The Coconut Palm
A. For millennia, the coconut has been central to the lives of Polynesian and Asian peoples. In the western world, on the other hand, coconuts have always been exotic and unusual, sometimes rare. The Italian merchant traveller Marco Polo apparently saw coconuts in South Asia in the late 13th century, and among the mid-14th-century travel writings of Sir John Mandeville there is mention of ‘great Notes of Ynde’ (great Nuts of India). Today, images of palm-fringed tropical beaches are cliches in the west to sell holidays, chocolate bars, fizzy drinks and even romance.
B. Typically, we envisage coconuts as brown cannonballs that, when opened, provide sweet white flesh. But we see only part of the fruit and none of the plant from which they come. The coconut palm has a smooth, slender, grey trunk, up to 30 metres tall. This is an important source of timber for building houses, and is increasingly being used as a replacement for endangered hardwoods in the furniture construction industry. The trunk is surmounted by a rosette of leaves, each of which may be up to six metres long. The leaves have hard veins in their centres which, in many parts of the world, are used as brushes after the green part of the leaf has been stripped away. Immature coconut flowers are tightly clustered together among the leaves at the top of the trunk.

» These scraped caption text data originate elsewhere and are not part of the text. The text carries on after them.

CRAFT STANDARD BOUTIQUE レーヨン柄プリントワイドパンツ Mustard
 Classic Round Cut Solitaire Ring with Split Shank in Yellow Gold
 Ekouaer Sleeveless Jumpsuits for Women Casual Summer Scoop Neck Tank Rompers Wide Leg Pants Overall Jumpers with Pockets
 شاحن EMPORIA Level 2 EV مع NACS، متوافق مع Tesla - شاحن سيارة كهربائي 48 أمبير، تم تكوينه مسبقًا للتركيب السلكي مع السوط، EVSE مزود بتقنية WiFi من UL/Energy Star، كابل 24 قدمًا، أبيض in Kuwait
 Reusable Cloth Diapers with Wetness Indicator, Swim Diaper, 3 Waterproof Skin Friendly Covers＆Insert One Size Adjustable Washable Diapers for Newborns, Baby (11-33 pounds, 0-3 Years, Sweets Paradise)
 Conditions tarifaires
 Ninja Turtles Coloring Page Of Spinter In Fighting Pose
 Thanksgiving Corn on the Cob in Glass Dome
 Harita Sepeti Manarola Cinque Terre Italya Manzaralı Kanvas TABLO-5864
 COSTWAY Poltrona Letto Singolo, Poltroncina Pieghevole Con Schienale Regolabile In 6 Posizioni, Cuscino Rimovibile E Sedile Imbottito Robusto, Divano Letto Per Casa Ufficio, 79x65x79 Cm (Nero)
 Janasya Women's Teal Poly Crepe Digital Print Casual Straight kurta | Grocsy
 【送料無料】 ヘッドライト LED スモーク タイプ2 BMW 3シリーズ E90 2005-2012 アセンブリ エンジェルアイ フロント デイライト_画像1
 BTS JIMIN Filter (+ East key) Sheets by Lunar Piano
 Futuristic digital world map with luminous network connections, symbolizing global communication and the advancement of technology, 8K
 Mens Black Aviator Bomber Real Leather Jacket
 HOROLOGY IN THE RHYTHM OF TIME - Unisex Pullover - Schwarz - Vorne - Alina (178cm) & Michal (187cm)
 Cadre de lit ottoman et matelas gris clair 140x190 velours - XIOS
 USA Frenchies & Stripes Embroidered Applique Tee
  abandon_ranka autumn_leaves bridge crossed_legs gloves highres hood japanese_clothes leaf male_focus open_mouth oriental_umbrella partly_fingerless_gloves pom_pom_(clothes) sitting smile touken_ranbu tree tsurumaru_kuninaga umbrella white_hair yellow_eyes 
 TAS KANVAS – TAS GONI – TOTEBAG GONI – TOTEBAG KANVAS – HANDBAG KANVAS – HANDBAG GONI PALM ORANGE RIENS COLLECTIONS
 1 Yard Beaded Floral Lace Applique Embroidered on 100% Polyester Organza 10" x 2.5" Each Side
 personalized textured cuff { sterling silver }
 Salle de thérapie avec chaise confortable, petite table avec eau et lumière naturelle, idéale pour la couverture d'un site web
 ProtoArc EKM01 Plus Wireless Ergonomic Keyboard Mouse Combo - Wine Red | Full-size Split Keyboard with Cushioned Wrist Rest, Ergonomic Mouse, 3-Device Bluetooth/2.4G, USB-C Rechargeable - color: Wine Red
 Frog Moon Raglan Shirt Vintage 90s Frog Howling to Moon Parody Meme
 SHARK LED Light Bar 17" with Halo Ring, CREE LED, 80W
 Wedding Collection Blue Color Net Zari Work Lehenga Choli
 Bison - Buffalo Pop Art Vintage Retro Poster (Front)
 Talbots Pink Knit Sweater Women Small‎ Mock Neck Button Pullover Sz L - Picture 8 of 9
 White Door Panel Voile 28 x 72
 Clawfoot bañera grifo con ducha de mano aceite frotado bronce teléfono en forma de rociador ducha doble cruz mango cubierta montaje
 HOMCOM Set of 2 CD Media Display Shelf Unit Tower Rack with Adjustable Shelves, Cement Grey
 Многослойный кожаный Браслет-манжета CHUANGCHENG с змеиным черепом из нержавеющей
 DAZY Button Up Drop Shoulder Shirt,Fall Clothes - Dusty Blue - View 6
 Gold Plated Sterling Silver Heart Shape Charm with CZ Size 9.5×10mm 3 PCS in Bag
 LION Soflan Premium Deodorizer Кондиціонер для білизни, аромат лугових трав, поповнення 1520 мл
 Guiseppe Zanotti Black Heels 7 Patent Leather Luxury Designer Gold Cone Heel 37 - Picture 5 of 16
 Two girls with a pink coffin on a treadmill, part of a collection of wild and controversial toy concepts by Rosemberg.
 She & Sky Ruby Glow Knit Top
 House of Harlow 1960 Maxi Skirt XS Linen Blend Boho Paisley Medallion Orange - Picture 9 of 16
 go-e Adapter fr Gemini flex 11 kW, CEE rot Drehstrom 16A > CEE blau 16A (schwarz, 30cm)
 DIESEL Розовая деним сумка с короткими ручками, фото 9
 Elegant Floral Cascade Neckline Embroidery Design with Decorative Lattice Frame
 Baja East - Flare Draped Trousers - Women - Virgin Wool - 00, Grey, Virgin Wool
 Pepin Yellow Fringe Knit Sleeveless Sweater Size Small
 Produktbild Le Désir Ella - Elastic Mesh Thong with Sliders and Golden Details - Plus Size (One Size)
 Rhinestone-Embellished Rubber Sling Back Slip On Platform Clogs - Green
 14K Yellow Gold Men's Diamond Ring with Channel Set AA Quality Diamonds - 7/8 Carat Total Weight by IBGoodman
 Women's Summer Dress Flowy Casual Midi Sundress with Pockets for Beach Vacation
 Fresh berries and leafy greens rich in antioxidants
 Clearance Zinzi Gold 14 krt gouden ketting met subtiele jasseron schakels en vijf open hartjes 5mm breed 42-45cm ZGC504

The flower stems may be tapped for their sap to produce a drink, and the sap can also be reduced by boiling to produce a type of sugar used for cooking.
C. Coconut palms produce as many as seventy fruits per year, weighing more than a kilogram each. The wall of the fruit has three layers: a waterproof outer layer, a fibrous middle layer and a hard, inner layer. The thick fibrous middle layer produces coconut fibre, ‘coir’, which has numerous uses and is particularly important in manufacturing ropes. The woody innermost layer, the shell, with its three prominent ‘eyes’, surrounds the seed. An important product obtained from the shell is charcoal, which is widely used in various industries as well as in the home as a cooking fuel. When broken in half, the shells are also used as bowls in many parts of Asia.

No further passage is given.